Babel

Cela fait deux soirs que je regarde le film de Boris Lehman, Babel. Deux soirs, parce que le film dure plus de six heures, presque sept. L’histoire, son histoire, d’un cinéaste qui prépare un voyage en solitaire au Mexique, et de son retour parmi ses amis de Bruxelles. Presque aucune image du Mexique, un ou deux visages tout au plus. Le reste n’est que discussion avec ses amis, après-midi dans les cafés, à la campagne, dans les laboratoires où il développe ses films, Un départ de soi pour revenir à soi. Je ne connaissais pas le réalisateur, jusqu’à ce qu’un ami prête « A la recherche du lieu de ma naissance » à Y. mon compagnon. Un retour à Genève, de la part du cinéaste, qui là, se filme à la recherche de traces de son passé. Dans son travail, dans sa propre autobiographie, j’ai l’impression que le cinéaste me parle. Pourtant, rien de transcendant dans son discours. Il filme une à une les choses qu’il a ramené de ses voyages, montre ses photographies à ses amis. Et j’ai l’impression que ce film est parti à ma recherche. Qu’il dissèque mon passé et mon futur, comme sur la scène ou Boris Lehman consulte un ami « voyant » pour savoir ce qui l’attend.
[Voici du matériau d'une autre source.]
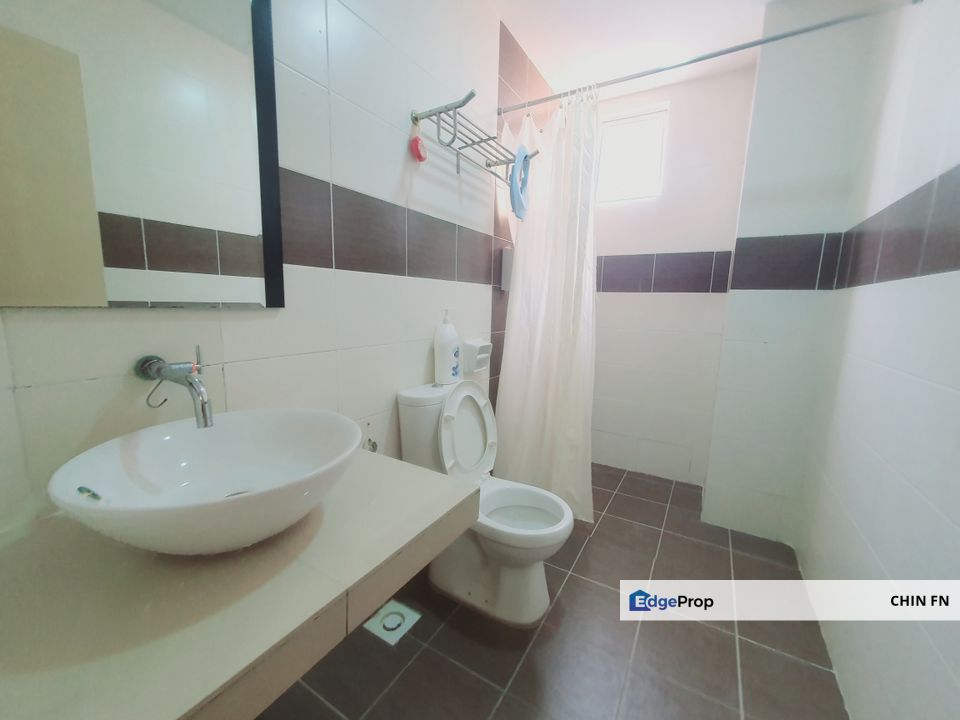 Fully Furnish with Aircond 3 Room Bayou Lagoon Park Resort Bukit Katil Melaka, Melaka, Bukit Katil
Boris Lehman filme sa vie, et la mienne. "C’est un portrait de moi, par moi-même" dit-il. Filmer l’impossibilité de faire du cinéma. "L’important, c’est le déplacement, pas l’arrivée" explique-til. Il interroge le « je ». "J’aime varier mon existence". Les amis du cinéaste sont tous musiciens, tous artistes. Des intellectuels en somme. Il dit : "Les malheurs sont là. Il faut les affronter, ou les fuir, mais ils sont là". "C’est toujours un peu sa mère qu’on cherche". "Avoir peur de ce qu’on a envie, c'est toujours la même chose". "Mes enfants à moi, ce sont mes objets". Comme je me retrouve dans sa dernière phrase. Quand on n'a pas d'enfant à soi, toutes ces choses que l'on fait pour créer quelque chose.